- ASSIGNMENT -
Below are records that hold pictures; write out only the lines from their start through the line with "Lage waterstand in", exactly, and drop the pictures.

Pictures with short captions
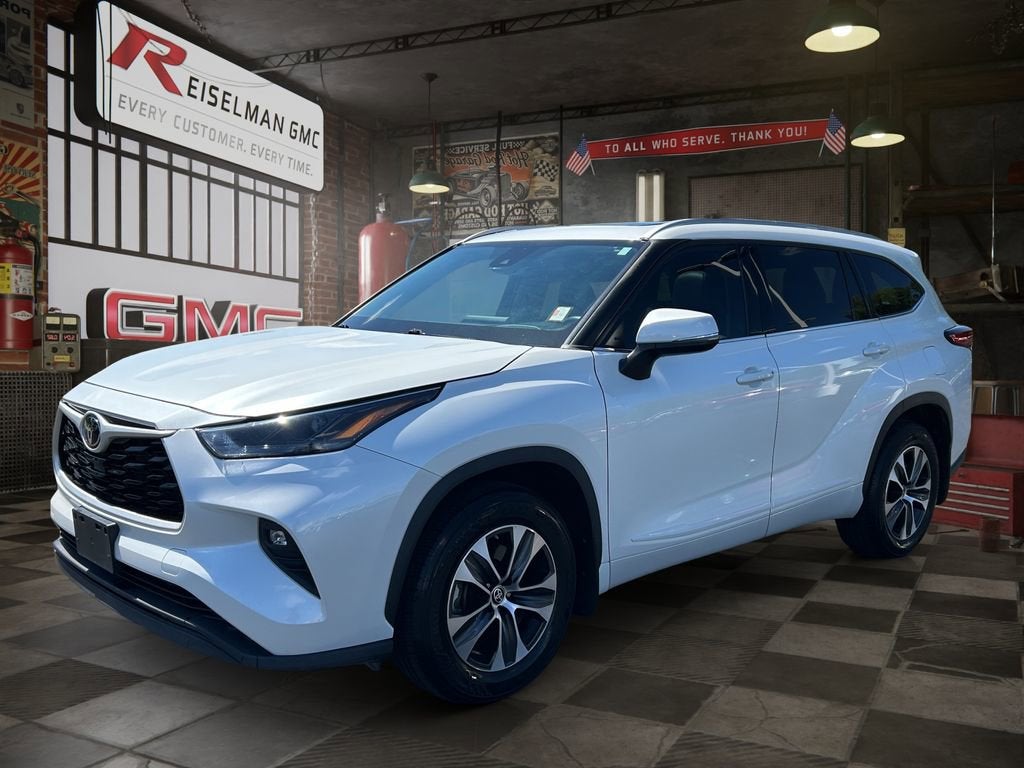 2022 Toyota Highlander XLE in Off-White — front three-quarter view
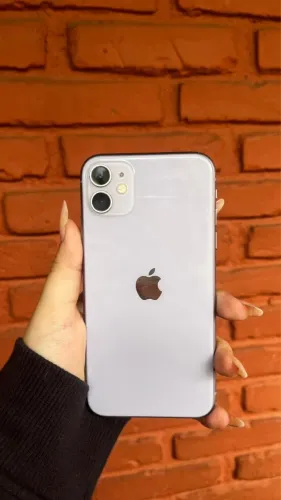 Vendo IPHONE 11 bateria 83% nunca aberto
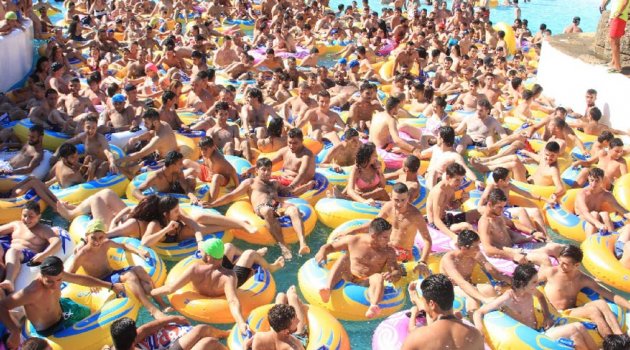 İzmir’de havuzlar doldu taştı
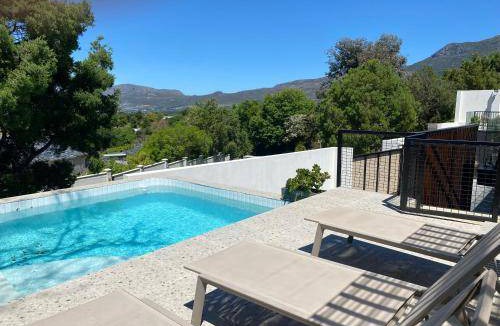 Constantia Apartment | 150 m² Apartment ∙ 3 bedrooms ∙ 6 guests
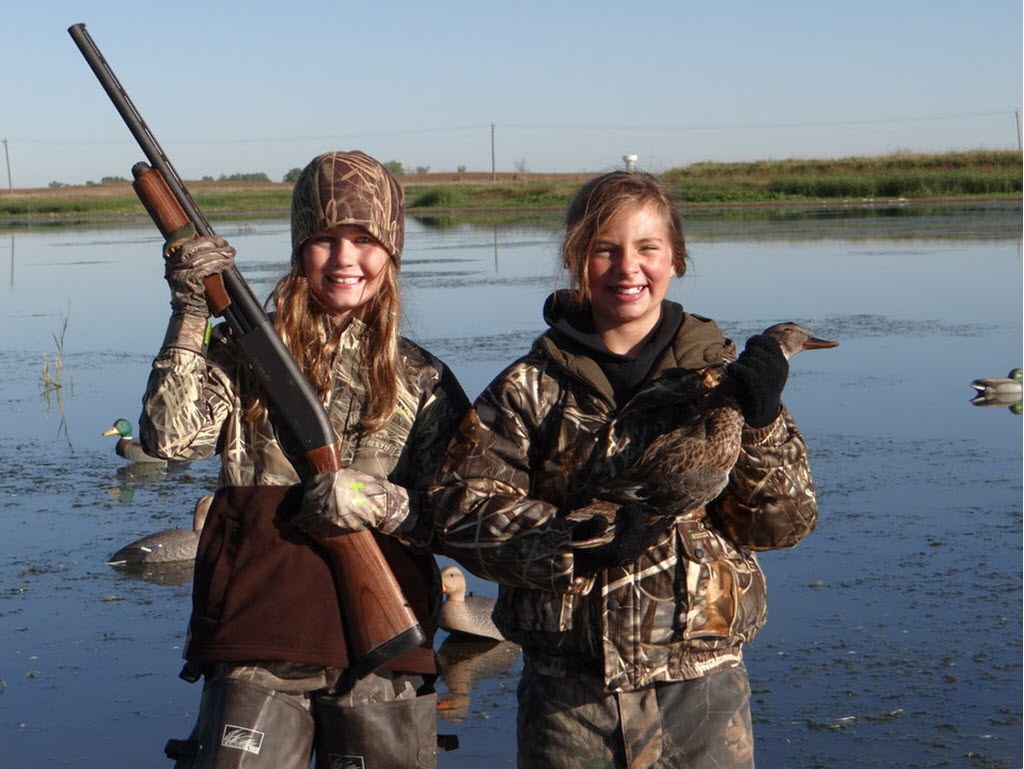 girls hunting ducks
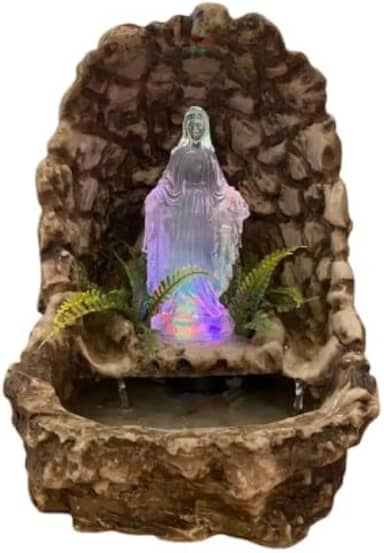 Fonte de água NSra das Graças iluminada gruta cascata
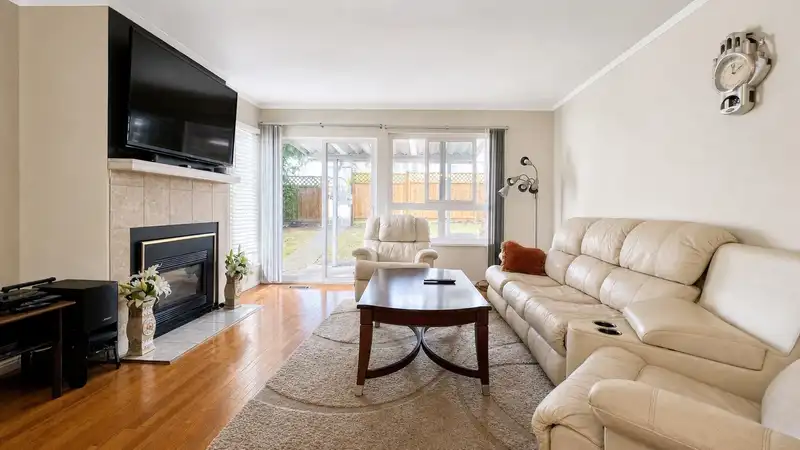 105 12233 92 AVENUE - photo 3 of 20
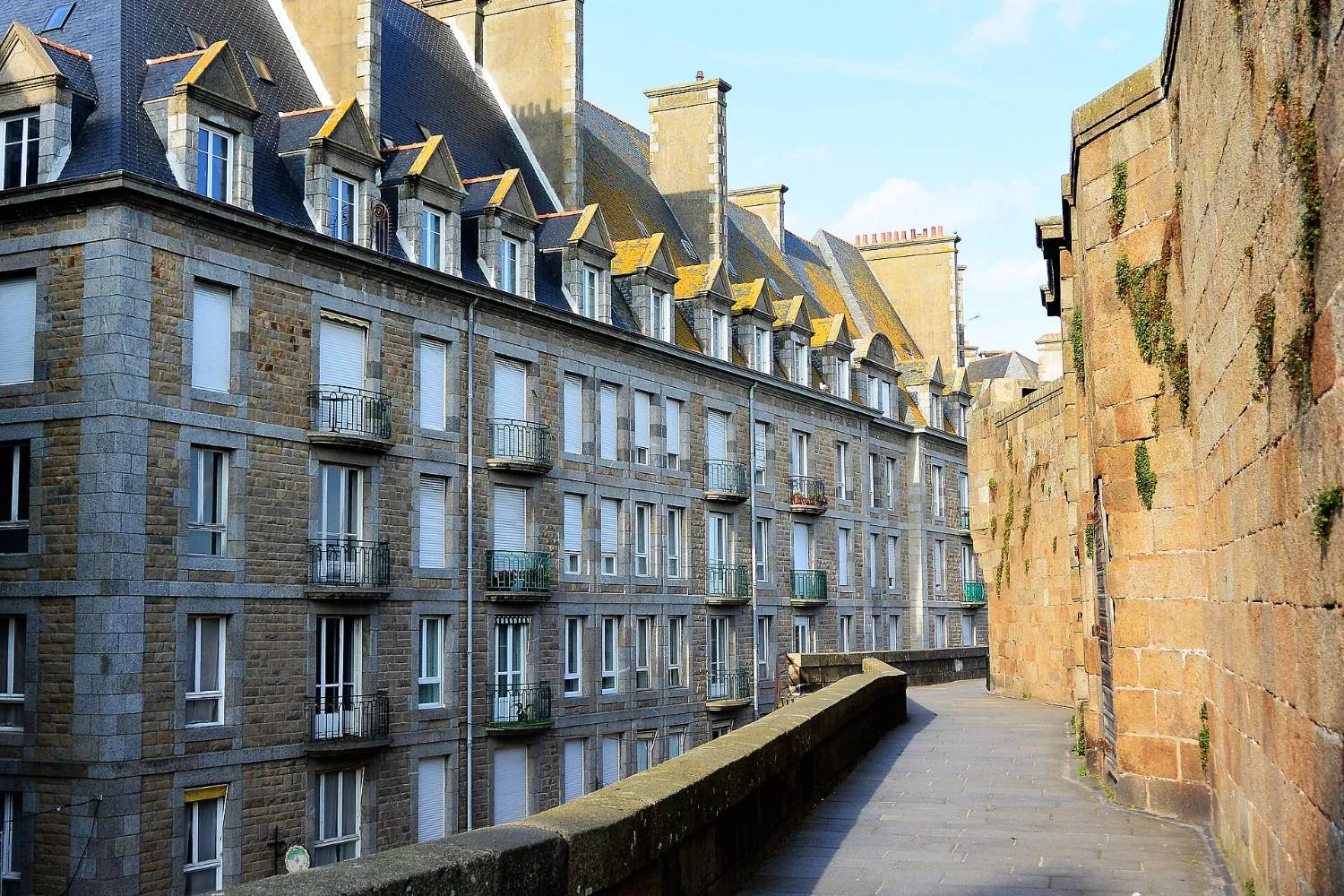 06-saint-malo-remparts-intra-muros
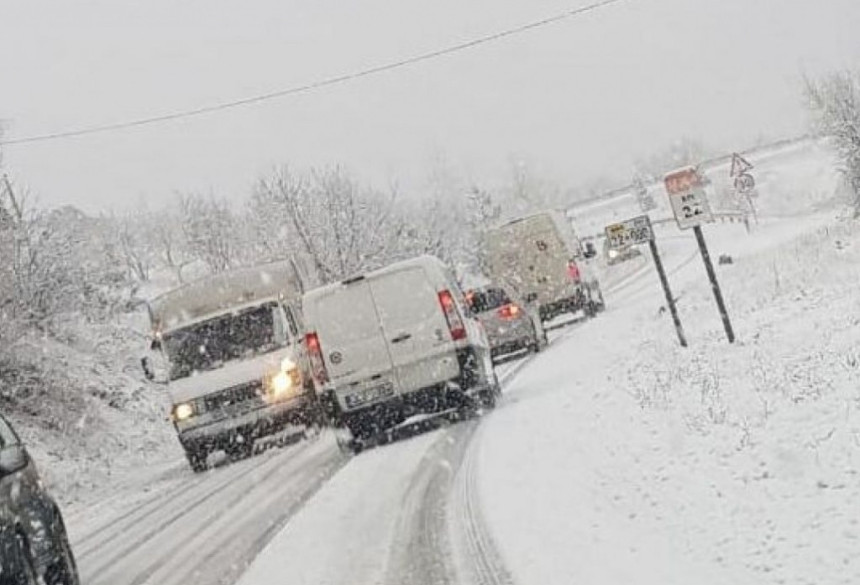 Zastoj na putu preko Vlasenice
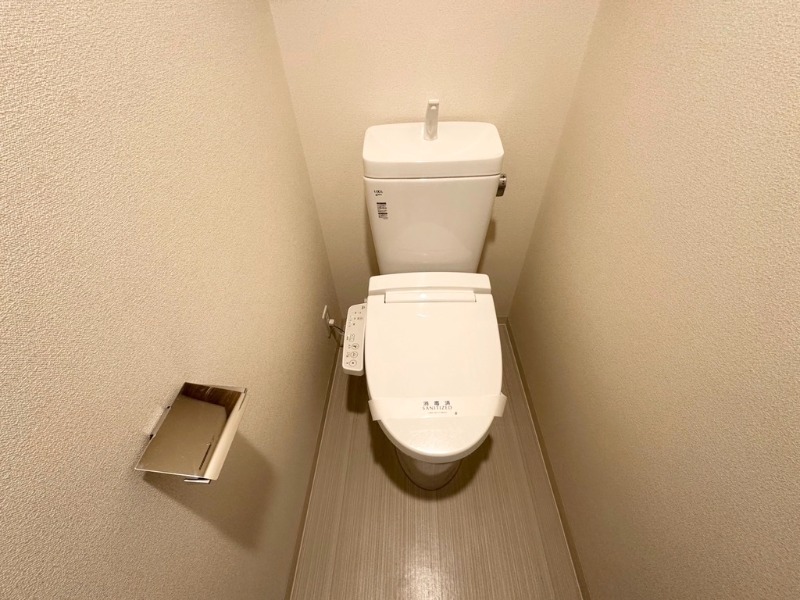 プレサンス堺筋本町駅前シェルのトイレ写真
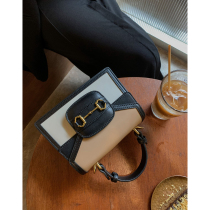 Autumn lady bag bag French small crowdsourced High feeling small square bag Hand 2021 new womens bag Fashion single shoulder inclined satchel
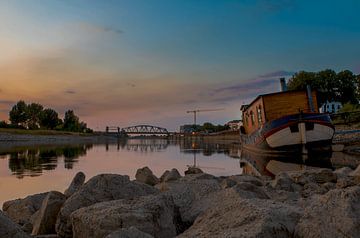 Lage waterstand in Zutphen meteen woonboot en een zonsondergang van Royvs Fotografie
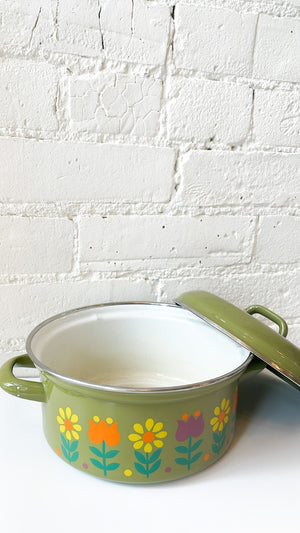 
            
                Load image into Gallery viewer, Vintage Enamel Pot with Lid
            
        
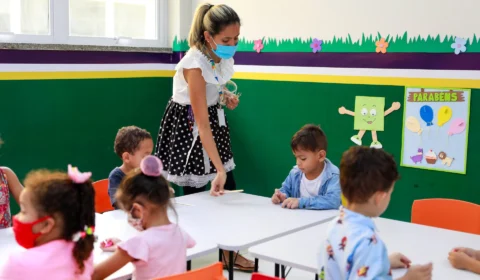 Vagas de creches de Manaus serão discutidas por GT, anuncia Semed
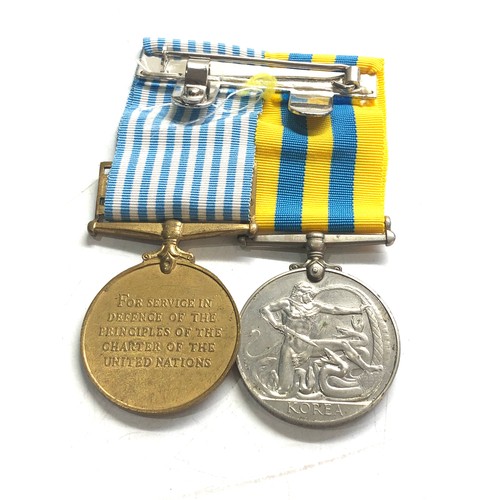 535 - ER11 Korea medal pair to 22414763 pte k.e.robbins royal norfolk reg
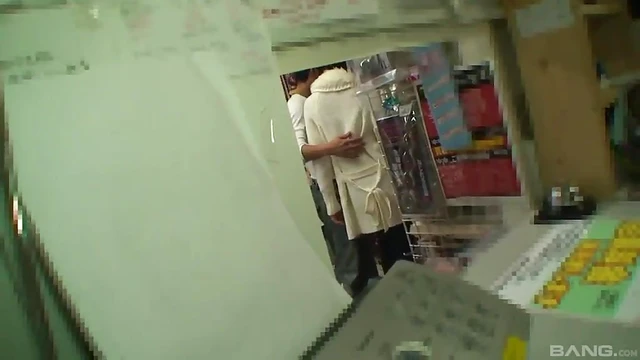 Sneaky Hot Asian Girlfriend Gives Blowjob Behind Store Shelves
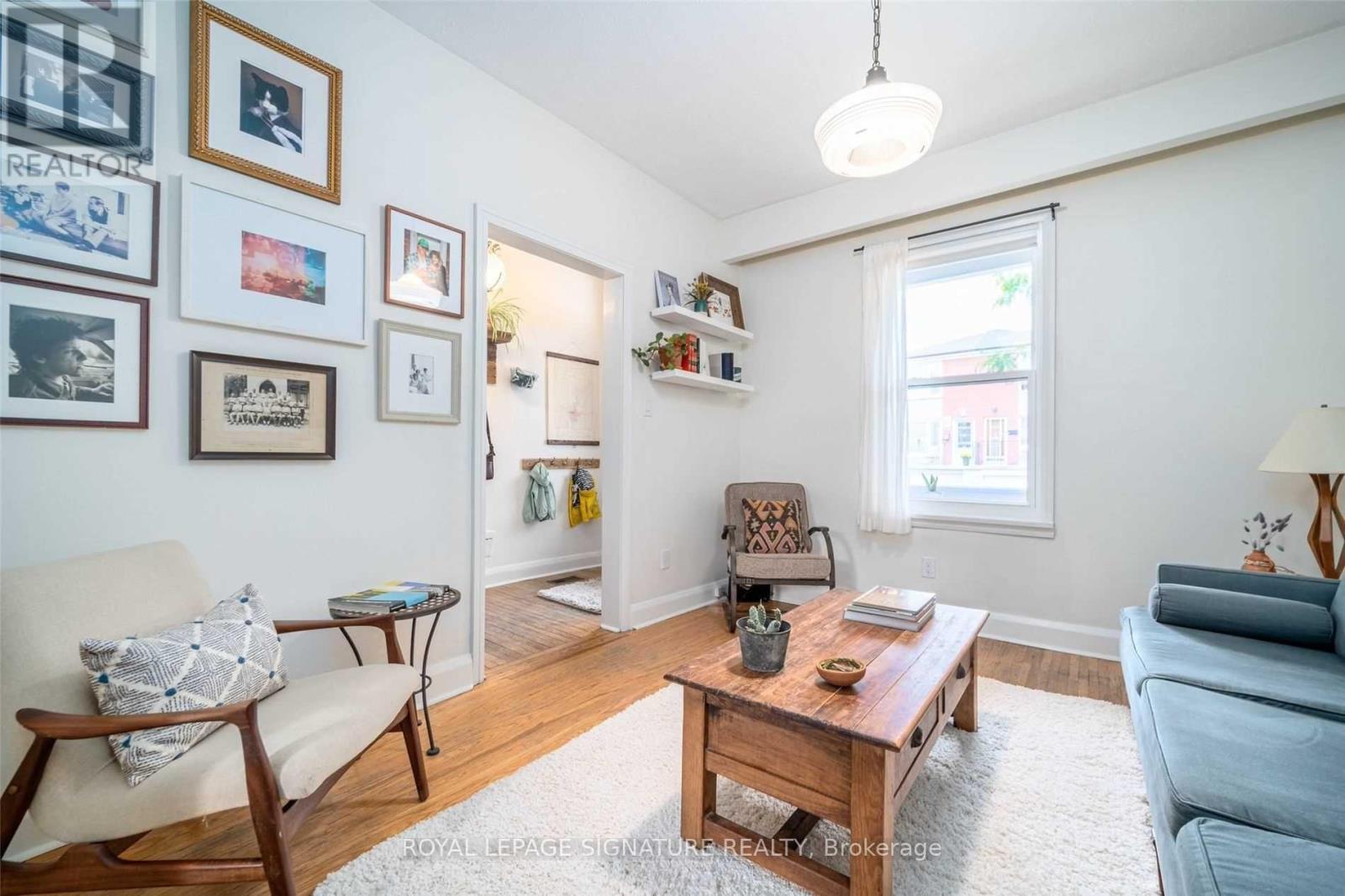 74 Wolseley Street, Toronto, Ontario  M5T 1A5 - Photo 2 - C13078136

- TASK ANSWER -
 2022 Toyota Highlander XLE in Off-White — front three-quarter view
 Vendo IPHONE 11 bateria 83% nunca aberto
 İzmir’de havuzlar doldu taştı
 Constantia Apartment | 150 m² Apartment ∙ 3 bedrooms ∙ 6 guests
 girls hunting ducks
 Fonte de água NSra das Graças iluminada gruta cascata
 105 12233 92 AVENUE - photo 3 of 20
 06-saint-malo-remparts-intra-muros
 Zastoj na putu preko Vlasenice
 プレサンス堺筋本町駅前シェルのトイレ写真
 Autumn lady bag bag French small crowdsourced High feeling small square bag Hand 2021 new womens bag Fashion single shoulder inclined satchel
 Lage waterstand in Zutphen meteen woonboot en een zonsondergang van Royvs Fotografie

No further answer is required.